DIMAP (DIctionary MAintenance Programs)
DIMAP-4 is now available in a beta version and incorporates definition
parsing for building semantic networks, the word-sense
disambiguation functionality from Senseval and the
question-answering capability from TREC-8, using the Proximity Parser.
DIMAP-4 is available at a special cost of $300 for single users (ordering information), with a 45-day money back
guarantee, and with guaranteed updates for six months. (Note that DIMAP-4 does
not include MCCA, but with your purchase, you will also receive access to
DIMAP-3 which does include this functionality.)
DIMAP-4 Features
- Dictionary Management
- open any number of dictionaries at a time, with quick overview of
dictionary entries;
- rapid opening of recently used dictionaries;
- merge several dictionaries; and
- easy backup or renaming
- Entry Management
- easy editing, deletion, and creation of new entries
- quick overview of an entry's senses
- create bilingual dictionaries entries in source language and dictionary
information in English (enabling use of most of the DIMAP functionality)
- Entry Maintenance
- multiple senses
- special fields for
- part of speech (customizable)
- definition identifier
- label number
- usage label
- definition
- usage note
- multiple superconcepts (hypernym, genus)
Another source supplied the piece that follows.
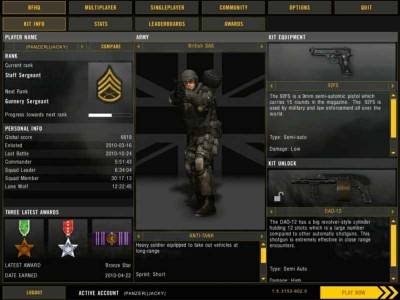 четвертый скриншот из Battlefield 2 "Luganet Real War Ranked Server"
- multiple instances (hyponyms)
- multiple feature structures (attribute-value pairs)
- multiple roles (semantic relations), each with multiple links
- customized editing for superconcepts, instances, feature structures, and
roles
- Search and Analysis of Entries/Senses
- Regular expression search on all fields, with search results shown on
screen or printed to a file (with format to your specifications)
- Extract subdictionaries (using search mechanism to create a file of
selected entries that can be uploaded into a new DIMAP dictionary)
- Definition parsing (using the Proximity Parser)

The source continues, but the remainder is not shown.